The cinematography is visually engaging and interestingly feels quite experimental in places, which enhances the quirky tone of the film. Kenneth Wales communicates a lot about the characters and their mental states, as well as the wider social issues being addressed, through the visual language alone, from 360-shots encircling the protagonists in conversation to Dutch angles that have an ethereal feel as if they actually ought to represent the default framing.

“We really wanted the film’s look to be a love letter to David Fincher and Ruben Ostlund and Chinatown. Ken [Wales] is so talented and this is not going to be the last time that we work with him. We had longform meetings about the visual language of the film that culminated in big rehearsal sessions with Ken. To make a film this forensic and meticulous in the same way that Parasite was made takes a lot of conversation beforehand,” Cummings says.

When it comes to the visual composition of the film, Cummings too deserves further respect, as he was responsible for an editing job that really helps to establish and enact a genuine sense of frenetic energy. He demonstrates a deftness in cinematic awareness, knowing exactly when to utilise an unbroken long take versus opting for a rapidly edited sequence or montage. Meanwhile, some moments of pure comedic gold stem from effective smash cuts.

“There is a lot of craftsmanship that went into the edit on this one that we never could have predicted from the previsualisation podcast or screenplay. There are a few specific moments in the film where we cut away to inserts during an informational montage that was really discovered in the edit. Specifically, when PJ is talking about the Medici family and we cut to shots of Florence.
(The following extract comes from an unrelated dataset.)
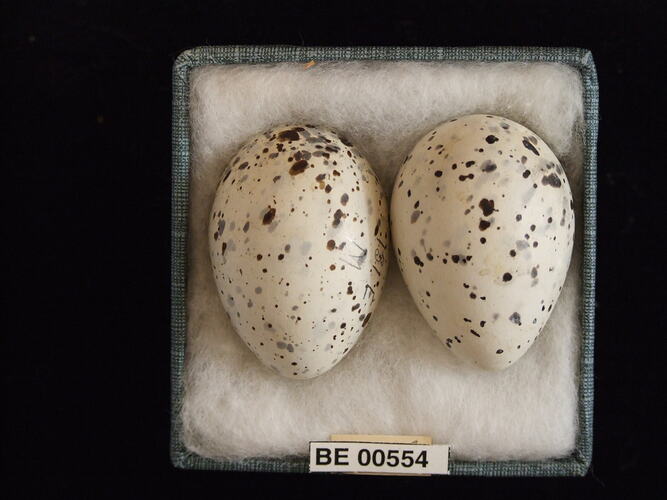 Two bird eggs with specimen labels in box.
Then, during the 360-shot in the bar room later, we re-created 360 shots of the Facebook campus and a few other helpful moments.”

On a final note, Cummings proffers his hopes and overall intentions for the film: “Honestly, the biggest takeaway that I hope audiences have is a feeling that their time wasn’t wasted (a feeling many of us have too often at the cinema), that the movie was well-crafted and that it was dope. It’s selfish and petty, but people have been digging it and that’s all we really wanted in the first place.”

The style of comedy and the overall tone and structure of the film might not appeal or work for everyone, but if nothing else, it is easy to respect and admire the technical quality of filmmaking, particularly the contributions of Cummings in multiple departments. Indeed, fans of his previous work are bound to appreciate and enjoy his latest outing.